Pemilu tersebut. Kondisi ini sebaiknya dibenahi dan diatur sedemikian mungkin agar

elegansi dan kualitas Pemilu di Indonesia meningkat, walau terasa sulit untuk

direalisasikan perubahan tetap harus di mulai. Penanaman pengetahuan politik

dimasyarakat melalui sosialisasi – sosialisasi secara menyeluruh bisa digunakan sebagai

langkah awal. Selanjutnya, masyrakat yang berpengetahuan politik baik dibebaskan

memilih pemimpin mana yang memiliki kapabilitas dan dapat mewakilkan suara

mereka nantinya dalam setiap kebijakan

Pada pemilu 2014 ini melibatkan pihak pihak yang dianggap membantu

jalannya Pemilihan Umum yang ideal, dengan harapan dapat meningkatkatan tingkat

partisipasi politik rakyat Indonesia sendiri. Pemerintah telah menggerakkan KPK dan

Badan Penyelidik dan Pengawas khusus untuk memantau pelaksanaan Pemilu. Tentu

saja warga diharapkan proaktif terhadap langkah yang diambil pemerintah dengan ikut

andil secara maksimal dalam proses pemulihan kualitas Pemilu ini.

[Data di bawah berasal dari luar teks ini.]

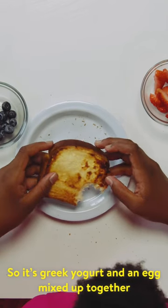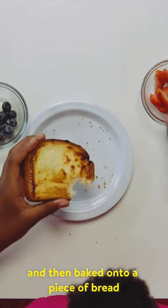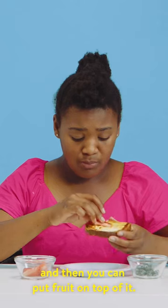So it's Greek yogurt and an egg mixed up together and then baked onto a piece of bread, and then you can put fruit on top of it. It deserves cheese. It's not worth the hype unless it has cheese.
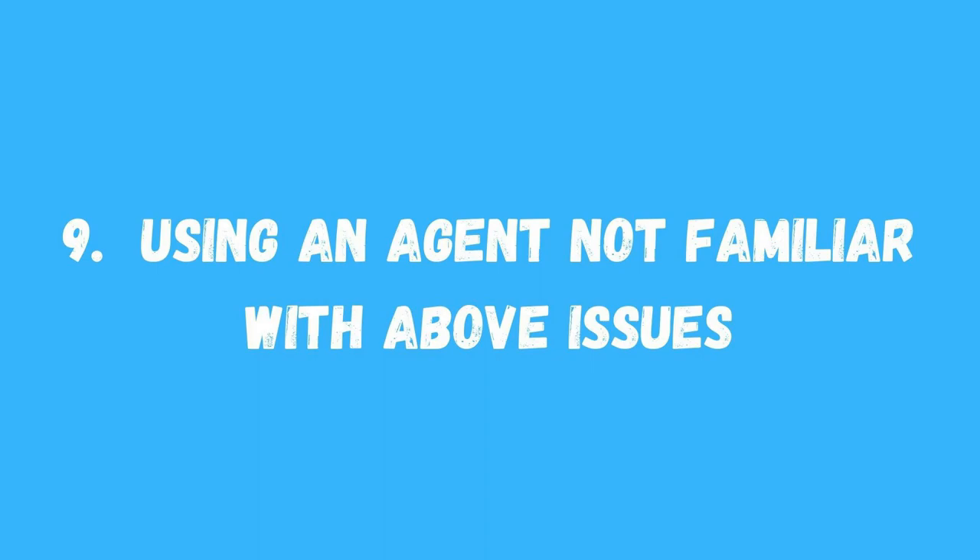Number nine: not using an agent who understands these issues specific to Northern Arizona cabin-type properties. A lot of times, someone will come up and their brother-in-law is an agent in Phoenix — there's nothing wrong with that, though I'd rather you hire me — but they won't be familiar with these local issues. You could get caught by surprise by something that blows your whole deal. If you are using an out-of-area agent, make sure you yourself are educated on these things that could go wrong.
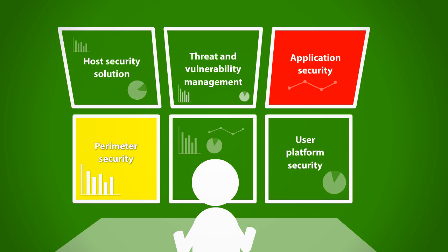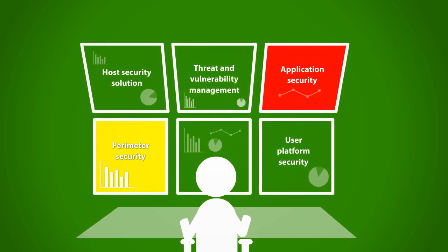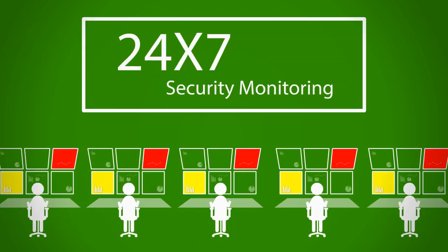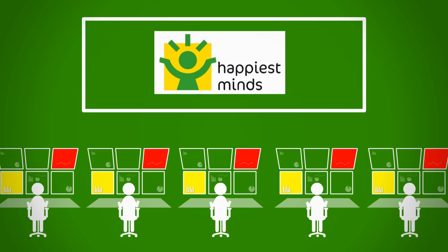CyberVigil is built on best-of-breed tools and technologies, which are integrated and pre-configured with security best practices and policies to provide comprehensive protection against internal and external threats. You will also receive complete 24x7 security monitoring and management services from the ISO-certified Happiest Minds SOC, or Security Operations Center.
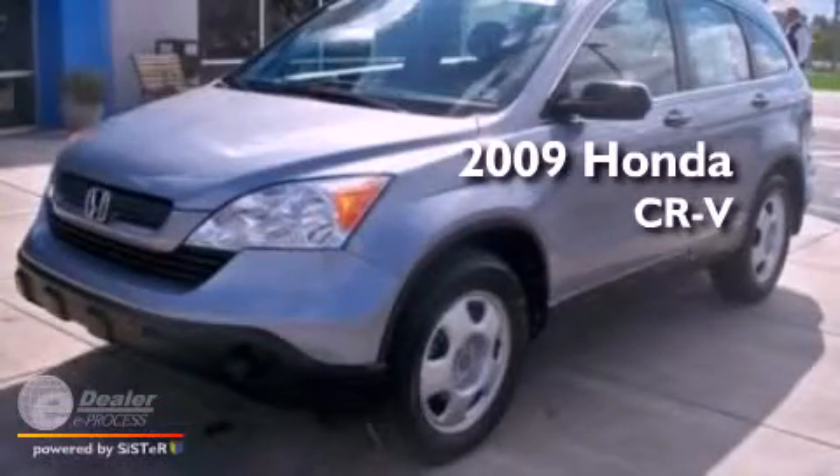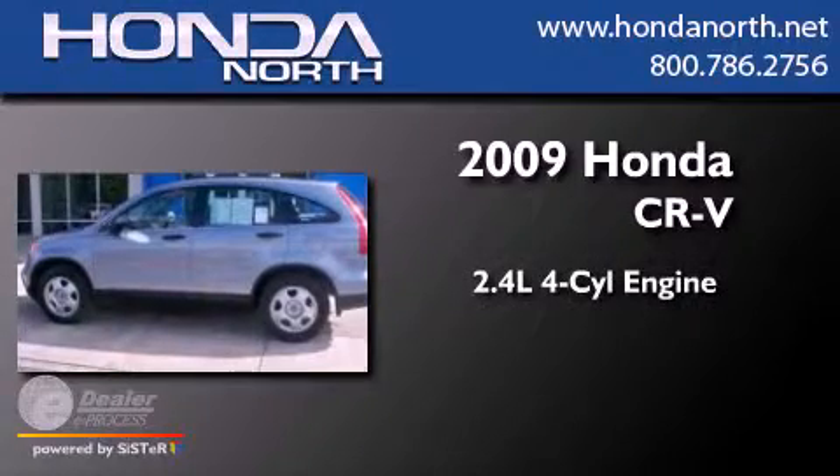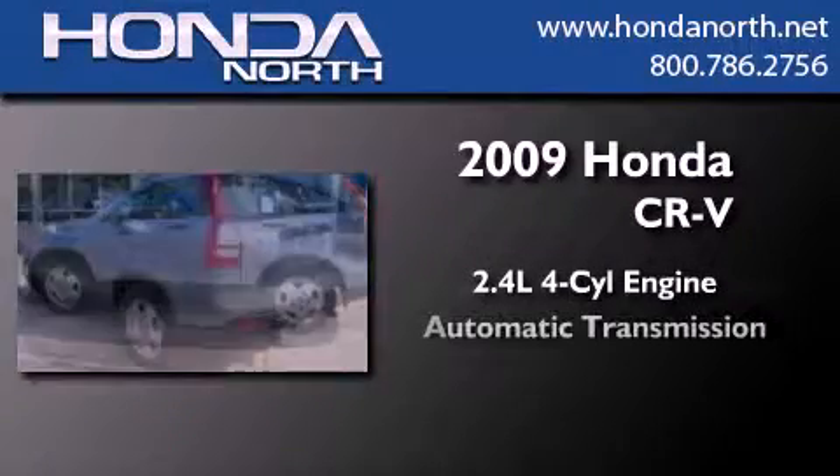This is a certified pre-owned 2009 Honda CR-V. It has a 2.4-liter four-cylinder engine and an automatic transmission.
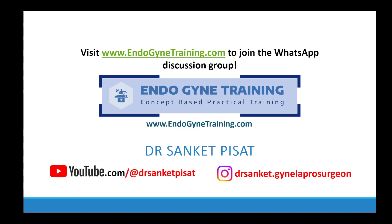Hello everyone, this is Dr. Sanket Pisaat, and today we are going to be discussing the answers to quiz number 3 posted in the Endo-Gynae Training Group.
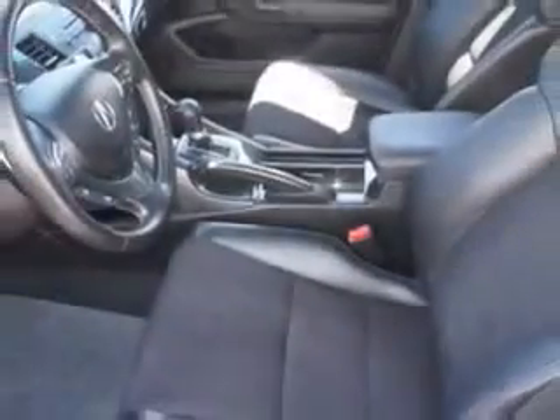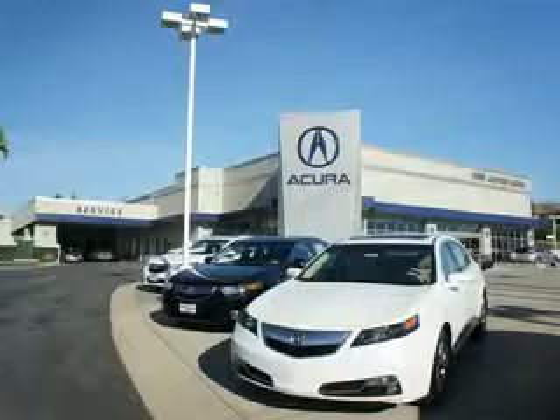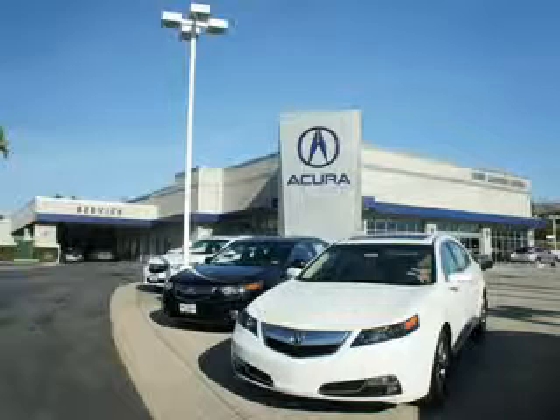Enjoy the drive and have peace of mind in this 2012 Acura TSX. See us at Weir Canyon Acura today. At Weir Canyon Acura, you can be sure you'll get the right vehicle for the right price — and that's just the beginning. Get the respect and great price you deserve.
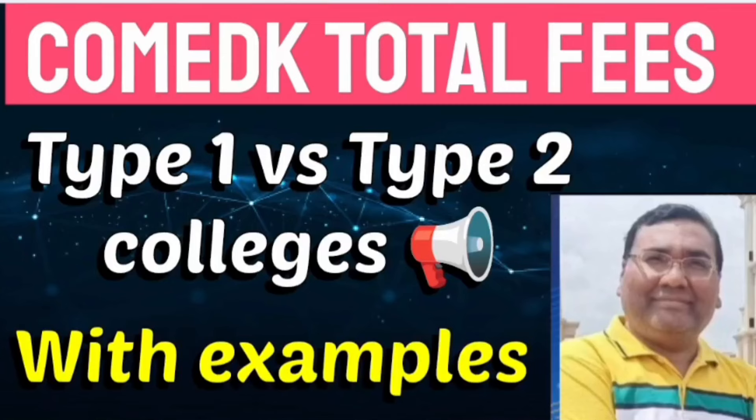Hello friends, good morning, good afternoon, good evening. This is about the COMEDK total fees, including all the college-related fees which you pay later once you go to college. I am covering this with two examples and also comparing type 1 versus type 2 colleges so that you have a perfect idea.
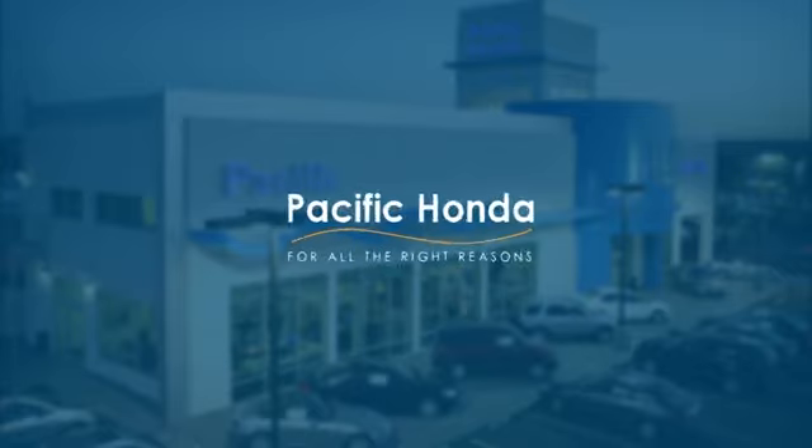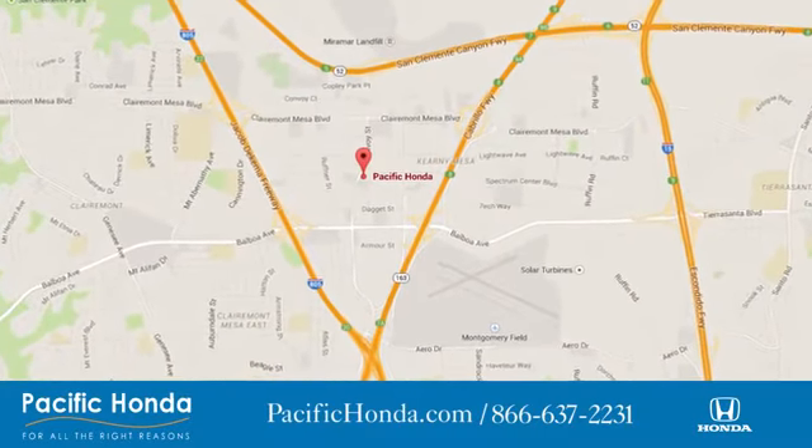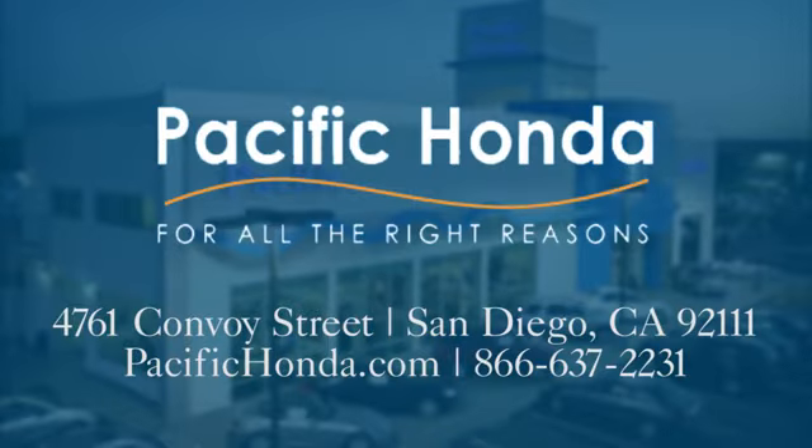See it for yourself today. Pacific Honda. We're centrally located between 805 and 163, south of the 52. Choose Pacific Honda for all the right reasons.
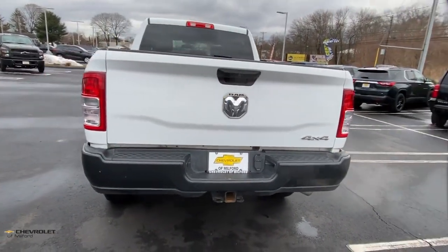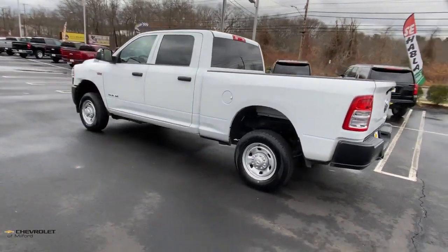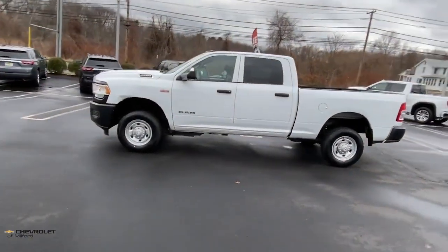Attack your projects with the strength and power that leaves no room for doubt. Drive the Ram 2500. The Ram 1500.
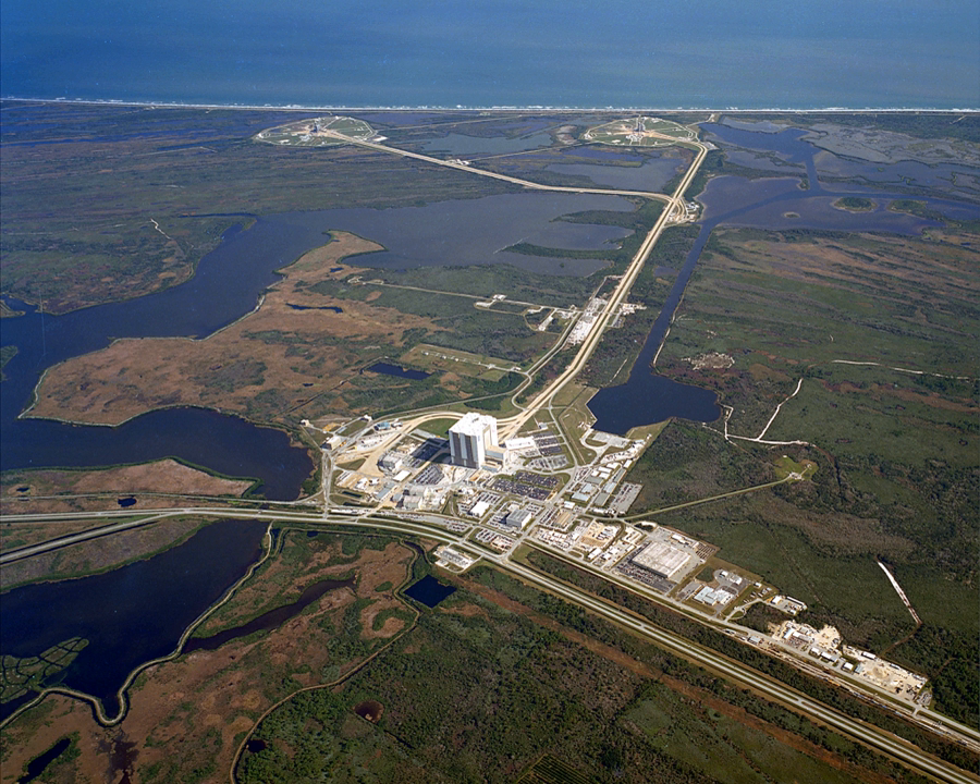The second Falcon Heavy flight, carrying the Arabsat-6A communications satellite for Arabsat of Saudi Arabia, successfully launched on April 11, 2019. The satellite is to provide Ku-band and Ka-band communication services over the Middle East and Northern Africa regions, as well as a small bit for South Africa. The launch was notable as it marked the first time that SpaceX was able to successfully soft-land all three of the reusable booster stages, which will be refurbished for future launches.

Dengan kualitas Pemilu yang baik, akan muncul nama pemimpin yang sesuai

dengan pilihan Rakyat tentunya. Baik nama baru maupun nama lama yang pernah

duduk di senayan setidaknya rakyat telah meilihat kinerja mereka dan mengharapkan

mereka yang terpilih nantinya akan menghasilkan terobosan terobosan baru yang pro-

rakyat yang tentunya sesuai dengan visi misi yang membuat rakyat terbuai saat mereka

sedang berkampanye.

Hal ini juga ditujukan untuk sistem demokrasi yang benar – benar demokrasi,

bukan hanya bersembunyi dibalik “demokrasi” untuk memperoleh simpati. Rakyat juga

menginginkan yang terbaik untuk Indonesia. Penguasa pembuat kebijakan sudah

sepantasnya bertanggung jawab akan rakyat. Tidak hanya duduk manis menikmati

konsumsi saat rapat, tapi wajib berpendapat berdasarkan kondisi rakyat.